Recuerdo que era martes, hace ya algunos años. Me dirigía hacia casa, no debían ser más de las tres de la mañana. Lo vi agachado frente a un banco y, según me acercaba, iba viendo los utensilios que tenía a su alrededor: un pequeño bote de agua destilada, un cuchillo de un tamaño considerable, una jeringuilla y un tapón de agua. Dentro de ese tapón se disponía a diluir probablemente unas micras de cocaína o de heroína.
En vez de evitar pasar por su lado, como haría la mayor parte de la gente en mi lugar, me interesé por lo que estaba haciendo. Yo todavía sentía el efecto de la pastilla de éxtasis que había consumido dos o tres horas antes y, supongo que gracias a ello, notaba un claro efecto de cercanía y confianza hacia aquel hombre.
No sé cómo empezó la conversación pero me acabé sentando en su banquito, del que se había adueñado para realizar sus labores. Me dijo –creo recordar– que rondaba los cuarenta años, aunque su aspecto deteriorado por el abuso de drogas no parecía indicarlo.
Ésa era su vida, “lo que yo he elegido”. No parecía arrepentirse, ni le importaba que mucha gente no comprendiera su modo de vivir –de malvivir para otros–.
Él me hablaba, me decía que ya no se ponía de caballo, pues la calidad había caído. Me contaba cosas de los buenos tiempos, cuando tenía un campo donde cultivaba adormidera, de la que luego extraía una heroína con un 99% de pureza. Blanca, decía, absolutamente blanca. Ése era uno de esos momentos donde no prestas atención a la veracidad de lo que te cuentan, y simplemente disfrutas del relato; pues, ciertas o no, hay historias que siempre son interesantes de escuchar.
Se disculpó por no poder ofrecerme algo; tenía poco, o eso decía. A estas alturas de la conversación, el hombre ya estaba almacenando en la jeringa la disolución que tranquilamente había elaborado en su taponcito de agua.

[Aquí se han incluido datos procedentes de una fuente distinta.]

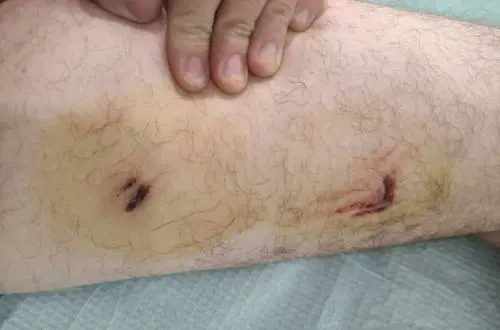 Aggredito da un pitbull nell'area dello spaccio: "Mentre mi mordeva i tossici ridevano"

Se remangó la chaqueta y, tras atarse una goma –que sacó de un bolsillo– en el brazo, procedió a picarse la aguja. La introdujo lentamente, disfrutando de aquel momento del ritual. Era como si el ligero dolor que sentía, al introducir la aguja en su cuerpo, fuera el presagio del placer que estaba a punto de experimentar.
Por aquel entonces nunca había visto a nadie inyectarse droga alguna, y yo, al igual que él pero en menor medida, también estaba gozando de ese momento. No apretó el émbolo –como yo me esperaba–, sino que tiró de él para introducir parte de su sangre en la jeringuilla –que tornóse roja– y así mezclarla con su disolución acuosa de cocaína.

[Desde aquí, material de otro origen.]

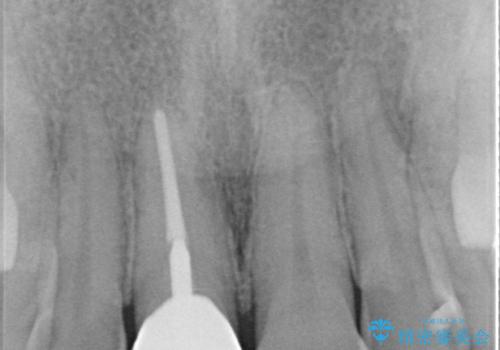 不自然な色彩の前歯 オールセラミッククラウンで自然な口元にの治療後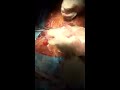 cesarean section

Respiró fuerte y apretó. No hasta el final, sólo la tercera parte, puede incluso que la cuarta. Se le veía bien, casi se podía sentir como la cocaína –y con ella el corte que la acompaña– diluida en su sangre volaba en dirección al cerebro. Estoy seguro de que, si el hombre conociera aquella canción de Dillinger, estaría tarareando “I've got cocaine runnin' around my brain”.
“¿Sabes? Hace años por esta zona sólo había putas y maricones. Qué tiempos. Le pegábamos el palo a los maricas y nos íbamos al poblado a pillar.”
A los pocos segundos se levantó. Empezó a dar vueltas en círculos mirando hacia el suelo, como si estuviera buscando algo. Intrigado, le pregunté qué hacía. Buscar cosas, me contestó. Me quedé algo desorientado con la respuesta, así que le pedí que concretara un poco.
“Cuando me meto, me da por buscar cosas en el suelo. Y nunca encuentro nada, pero da igual, me gusta buscar cosas... Mira, una piedra.”
Y mientras se agachaba a recogerla me siguió explicando:
“Antes, todos los yonquis de por aquí se reían de mí por hacerlo y míralos ahora, todos buscando en el suelo como cabrones.”
Miró hacia mí y sonrió. Yo también lo hice. Me levanté, le di un par de cigarros por el agradable rato y me fui.
Ayer mismo me enteré de que murió hace un par de semanas. Me gusta imaginármelo lejos de aquí, saltando y corriendo por grandes campos de adormidera, donde estúpidas leyes no le coarten su libre acceso a una heroína pura y blanca. Absolutamente blanca.